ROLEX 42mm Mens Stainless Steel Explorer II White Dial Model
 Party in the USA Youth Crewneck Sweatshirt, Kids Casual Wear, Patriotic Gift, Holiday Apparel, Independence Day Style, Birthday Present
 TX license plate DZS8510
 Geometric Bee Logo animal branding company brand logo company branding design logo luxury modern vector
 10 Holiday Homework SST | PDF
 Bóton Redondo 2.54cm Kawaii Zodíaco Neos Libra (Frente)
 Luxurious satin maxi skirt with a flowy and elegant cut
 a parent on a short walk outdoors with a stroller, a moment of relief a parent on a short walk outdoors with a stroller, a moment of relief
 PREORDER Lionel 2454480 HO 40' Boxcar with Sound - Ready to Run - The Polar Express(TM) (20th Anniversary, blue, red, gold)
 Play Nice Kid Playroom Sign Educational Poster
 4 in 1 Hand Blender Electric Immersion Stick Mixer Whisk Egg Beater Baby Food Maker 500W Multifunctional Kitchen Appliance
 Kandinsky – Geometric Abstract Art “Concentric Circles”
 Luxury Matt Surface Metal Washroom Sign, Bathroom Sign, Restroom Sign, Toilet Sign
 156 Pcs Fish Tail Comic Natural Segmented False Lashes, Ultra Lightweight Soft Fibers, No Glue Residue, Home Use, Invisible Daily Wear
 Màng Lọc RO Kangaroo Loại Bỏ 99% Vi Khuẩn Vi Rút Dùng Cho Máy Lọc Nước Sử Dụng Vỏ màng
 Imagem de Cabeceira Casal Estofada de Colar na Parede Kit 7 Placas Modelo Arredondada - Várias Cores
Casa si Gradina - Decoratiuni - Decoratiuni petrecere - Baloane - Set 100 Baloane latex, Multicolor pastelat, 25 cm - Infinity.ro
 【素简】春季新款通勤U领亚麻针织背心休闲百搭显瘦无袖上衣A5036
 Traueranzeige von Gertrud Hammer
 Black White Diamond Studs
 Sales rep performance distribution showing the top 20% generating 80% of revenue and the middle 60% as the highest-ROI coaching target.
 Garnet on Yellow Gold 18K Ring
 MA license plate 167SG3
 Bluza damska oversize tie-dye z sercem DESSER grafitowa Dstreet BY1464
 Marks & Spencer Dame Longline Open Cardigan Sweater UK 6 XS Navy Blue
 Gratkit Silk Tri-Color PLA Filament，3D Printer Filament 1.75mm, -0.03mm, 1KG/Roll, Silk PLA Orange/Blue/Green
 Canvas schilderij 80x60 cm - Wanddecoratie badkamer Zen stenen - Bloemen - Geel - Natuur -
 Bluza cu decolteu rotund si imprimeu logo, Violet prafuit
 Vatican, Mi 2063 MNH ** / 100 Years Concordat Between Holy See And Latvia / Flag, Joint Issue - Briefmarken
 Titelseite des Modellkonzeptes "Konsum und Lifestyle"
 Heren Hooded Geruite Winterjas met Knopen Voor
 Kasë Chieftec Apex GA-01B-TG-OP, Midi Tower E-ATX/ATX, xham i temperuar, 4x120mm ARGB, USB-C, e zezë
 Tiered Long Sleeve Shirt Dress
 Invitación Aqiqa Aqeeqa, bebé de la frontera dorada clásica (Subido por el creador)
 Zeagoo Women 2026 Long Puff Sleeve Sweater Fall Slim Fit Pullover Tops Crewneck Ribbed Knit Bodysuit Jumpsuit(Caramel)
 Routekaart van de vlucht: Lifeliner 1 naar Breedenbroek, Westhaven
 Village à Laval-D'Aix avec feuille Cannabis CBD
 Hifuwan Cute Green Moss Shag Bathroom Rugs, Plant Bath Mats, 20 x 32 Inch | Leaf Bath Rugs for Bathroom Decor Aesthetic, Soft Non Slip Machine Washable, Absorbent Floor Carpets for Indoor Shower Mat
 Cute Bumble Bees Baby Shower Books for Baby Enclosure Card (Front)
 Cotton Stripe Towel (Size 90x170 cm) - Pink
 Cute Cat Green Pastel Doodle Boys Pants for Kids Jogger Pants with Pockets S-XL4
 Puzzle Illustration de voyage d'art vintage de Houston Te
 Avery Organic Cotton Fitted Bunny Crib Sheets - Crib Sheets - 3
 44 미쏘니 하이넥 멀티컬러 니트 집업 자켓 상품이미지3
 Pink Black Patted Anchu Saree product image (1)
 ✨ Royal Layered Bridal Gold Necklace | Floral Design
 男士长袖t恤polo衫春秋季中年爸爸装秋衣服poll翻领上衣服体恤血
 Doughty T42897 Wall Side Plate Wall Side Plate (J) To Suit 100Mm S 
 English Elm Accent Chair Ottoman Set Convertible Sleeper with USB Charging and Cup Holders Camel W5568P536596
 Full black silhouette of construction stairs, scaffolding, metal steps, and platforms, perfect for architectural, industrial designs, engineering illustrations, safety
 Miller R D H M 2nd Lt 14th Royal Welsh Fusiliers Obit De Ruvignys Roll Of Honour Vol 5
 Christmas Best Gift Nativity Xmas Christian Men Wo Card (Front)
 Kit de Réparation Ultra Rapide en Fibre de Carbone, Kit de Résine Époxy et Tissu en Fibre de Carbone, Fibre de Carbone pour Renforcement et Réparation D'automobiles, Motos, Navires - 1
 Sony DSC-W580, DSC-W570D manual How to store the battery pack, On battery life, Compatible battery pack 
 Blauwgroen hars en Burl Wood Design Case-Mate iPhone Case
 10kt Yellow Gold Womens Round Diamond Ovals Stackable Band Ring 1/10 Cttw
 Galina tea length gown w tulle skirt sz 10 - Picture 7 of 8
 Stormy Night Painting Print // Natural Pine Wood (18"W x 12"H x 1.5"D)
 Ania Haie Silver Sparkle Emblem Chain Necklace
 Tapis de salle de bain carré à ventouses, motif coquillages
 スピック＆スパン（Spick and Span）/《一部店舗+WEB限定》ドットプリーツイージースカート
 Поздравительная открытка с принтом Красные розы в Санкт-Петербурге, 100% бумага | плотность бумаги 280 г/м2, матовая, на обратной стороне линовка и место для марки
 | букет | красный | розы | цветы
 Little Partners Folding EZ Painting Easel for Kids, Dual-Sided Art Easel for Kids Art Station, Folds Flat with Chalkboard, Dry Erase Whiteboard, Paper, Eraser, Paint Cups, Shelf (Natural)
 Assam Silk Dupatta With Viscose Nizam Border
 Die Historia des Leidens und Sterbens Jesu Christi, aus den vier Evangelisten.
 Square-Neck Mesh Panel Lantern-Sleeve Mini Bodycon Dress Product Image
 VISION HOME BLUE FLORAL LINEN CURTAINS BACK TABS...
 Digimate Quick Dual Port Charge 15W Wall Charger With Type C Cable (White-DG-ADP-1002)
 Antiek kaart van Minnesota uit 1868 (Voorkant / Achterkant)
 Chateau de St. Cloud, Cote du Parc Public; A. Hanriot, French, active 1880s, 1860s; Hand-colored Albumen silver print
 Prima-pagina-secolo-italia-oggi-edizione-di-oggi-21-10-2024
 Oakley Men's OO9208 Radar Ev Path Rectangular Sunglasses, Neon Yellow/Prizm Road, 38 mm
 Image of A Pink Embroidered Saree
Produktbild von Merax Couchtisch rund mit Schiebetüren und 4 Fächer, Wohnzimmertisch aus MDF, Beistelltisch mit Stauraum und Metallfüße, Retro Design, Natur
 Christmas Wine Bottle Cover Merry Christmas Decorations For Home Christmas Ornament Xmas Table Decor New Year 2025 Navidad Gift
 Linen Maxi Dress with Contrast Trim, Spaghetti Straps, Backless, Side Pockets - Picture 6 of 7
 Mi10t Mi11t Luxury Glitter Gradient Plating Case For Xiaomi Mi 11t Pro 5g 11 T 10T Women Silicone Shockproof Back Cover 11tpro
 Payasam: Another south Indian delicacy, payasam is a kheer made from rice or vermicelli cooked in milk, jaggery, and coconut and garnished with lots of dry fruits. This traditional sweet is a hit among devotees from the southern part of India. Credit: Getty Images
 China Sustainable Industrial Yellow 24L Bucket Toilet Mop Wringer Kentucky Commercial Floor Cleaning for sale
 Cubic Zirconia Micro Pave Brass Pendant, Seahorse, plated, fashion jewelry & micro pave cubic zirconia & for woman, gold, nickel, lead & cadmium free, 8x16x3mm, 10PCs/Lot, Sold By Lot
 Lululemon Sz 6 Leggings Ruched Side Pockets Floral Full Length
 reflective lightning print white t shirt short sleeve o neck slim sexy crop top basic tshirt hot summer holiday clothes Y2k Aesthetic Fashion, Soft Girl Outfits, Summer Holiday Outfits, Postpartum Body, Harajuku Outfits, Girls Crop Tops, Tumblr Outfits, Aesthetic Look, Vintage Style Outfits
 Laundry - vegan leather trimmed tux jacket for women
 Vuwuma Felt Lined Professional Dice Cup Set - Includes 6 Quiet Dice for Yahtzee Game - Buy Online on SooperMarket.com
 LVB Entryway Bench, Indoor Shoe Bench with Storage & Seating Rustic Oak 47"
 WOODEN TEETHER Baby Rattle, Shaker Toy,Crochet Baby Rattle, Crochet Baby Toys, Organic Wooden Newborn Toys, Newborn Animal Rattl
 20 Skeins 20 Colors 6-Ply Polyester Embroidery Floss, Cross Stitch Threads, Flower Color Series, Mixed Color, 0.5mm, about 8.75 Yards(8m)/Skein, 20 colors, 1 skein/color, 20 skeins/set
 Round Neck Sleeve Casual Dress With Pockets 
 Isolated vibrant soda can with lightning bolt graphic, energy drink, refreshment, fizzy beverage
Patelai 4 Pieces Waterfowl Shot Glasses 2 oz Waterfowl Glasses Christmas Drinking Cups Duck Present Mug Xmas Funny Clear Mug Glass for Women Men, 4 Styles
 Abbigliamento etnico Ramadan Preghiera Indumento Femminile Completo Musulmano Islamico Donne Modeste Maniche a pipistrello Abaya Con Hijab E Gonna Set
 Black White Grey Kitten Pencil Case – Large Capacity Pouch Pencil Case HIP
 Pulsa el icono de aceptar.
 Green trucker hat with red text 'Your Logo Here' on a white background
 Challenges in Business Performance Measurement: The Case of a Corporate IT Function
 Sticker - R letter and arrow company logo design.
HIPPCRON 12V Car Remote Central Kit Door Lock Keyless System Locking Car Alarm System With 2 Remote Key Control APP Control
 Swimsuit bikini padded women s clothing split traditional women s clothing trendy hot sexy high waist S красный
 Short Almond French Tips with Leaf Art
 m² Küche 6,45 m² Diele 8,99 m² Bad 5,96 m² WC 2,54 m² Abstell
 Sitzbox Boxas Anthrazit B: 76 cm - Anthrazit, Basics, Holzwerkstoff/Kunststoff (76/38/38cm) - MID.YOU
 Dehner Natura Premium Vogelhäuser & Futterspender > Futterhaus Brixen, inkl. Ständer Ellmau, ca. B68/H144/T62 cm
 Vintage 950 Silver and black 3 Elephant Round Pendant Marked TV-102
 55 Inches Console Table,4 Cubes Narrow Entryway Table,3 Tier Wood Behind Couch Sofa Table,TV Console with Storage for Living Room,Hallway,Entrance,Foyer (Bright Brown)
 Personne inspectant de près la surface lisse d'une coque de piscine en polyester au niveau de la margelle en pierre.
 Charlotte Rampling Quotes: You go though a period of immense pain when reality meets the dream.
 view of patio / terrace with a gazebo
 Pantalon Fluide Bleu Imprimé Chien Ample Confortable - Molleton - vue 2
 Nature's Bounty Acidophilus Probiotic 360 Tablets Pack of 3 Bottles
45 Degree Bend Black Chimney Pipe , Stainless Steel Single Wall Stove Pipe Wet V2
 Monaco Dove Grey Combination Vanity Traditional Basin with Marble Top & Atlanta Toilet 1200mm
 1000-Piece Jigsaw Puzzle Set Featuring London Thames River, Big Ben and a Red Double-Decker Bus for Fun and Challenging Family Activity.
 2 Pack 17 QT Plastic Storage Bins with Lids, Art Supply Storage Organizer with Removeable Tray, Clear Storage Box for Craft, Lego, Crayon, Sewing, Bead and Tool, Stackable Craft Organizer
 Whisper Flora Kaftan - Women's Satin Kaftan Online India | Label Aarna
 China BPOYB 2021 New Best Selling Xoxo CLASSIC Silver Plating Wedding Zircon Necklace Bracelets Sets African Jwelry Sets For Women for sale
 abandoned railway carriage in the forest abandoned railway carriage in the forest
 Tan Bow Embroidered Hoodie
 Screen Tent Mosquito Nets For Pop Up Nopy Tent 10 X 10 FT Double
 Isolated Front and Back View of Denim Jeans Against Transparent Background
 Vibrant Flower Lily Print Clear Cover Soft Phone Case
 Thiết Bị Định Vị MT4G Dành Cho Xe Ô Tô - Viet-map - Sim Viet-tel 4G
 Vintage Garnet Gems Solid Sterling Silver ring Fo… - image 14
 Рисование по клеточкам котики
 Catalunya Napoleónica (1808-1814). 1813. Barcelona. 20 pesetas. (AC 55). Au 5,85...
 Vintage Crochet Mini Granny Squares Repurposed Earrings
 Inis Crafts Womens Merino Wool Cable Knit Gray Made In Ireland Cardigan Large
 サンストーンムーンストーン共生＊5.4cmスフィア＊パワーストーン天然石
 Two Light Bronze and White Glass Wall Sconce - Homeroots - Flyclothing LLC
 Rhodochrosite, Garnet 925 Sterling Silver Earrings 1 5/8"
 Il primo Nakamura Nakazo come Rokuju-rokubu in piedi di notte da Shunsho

[Goal of the exercise] Write out exactly the lines above between the line with "China BPOYB 2021" and the line with "Vintage Crochet Mini", inclusive, and nothing beyond them.

[Solution]
 China BPOYB 2021 New Best Selling Xoxo CLASSIC Silver Plating Wedding Zircon Necklace Bracelets Sets African Jwelry Sets For Women for sale
 abandoned railway carriage in the forest abandoned railway carriage in the forest
 Tan Bow Embroidered Hoodie
 Screen Tent Mosquito Nets For Pop Up Nopy Tent 10 X 10 FT Double
 Isolated Front and Back View of Denim Jeans Against Transparent Background
 Vibrant Flower Lily Print Clear Cover Soft Phone Case
 Thiết Bị Định Vị MT4G Dành Cho Xe Ô Tô - Viet-map - Sim Viet-tel 4G
 Vintage Garnet Gems Solid Sterling Silver ring Fo… - image 14
 Рисование по клеточкам котики
 Catalunya Napoleónica (1808-1814). 1813. Barcelona. 20 pesetas. (AC 55). Au 5,85...
 Vintage Crochet Mini Granny Squares Repurposed Earrings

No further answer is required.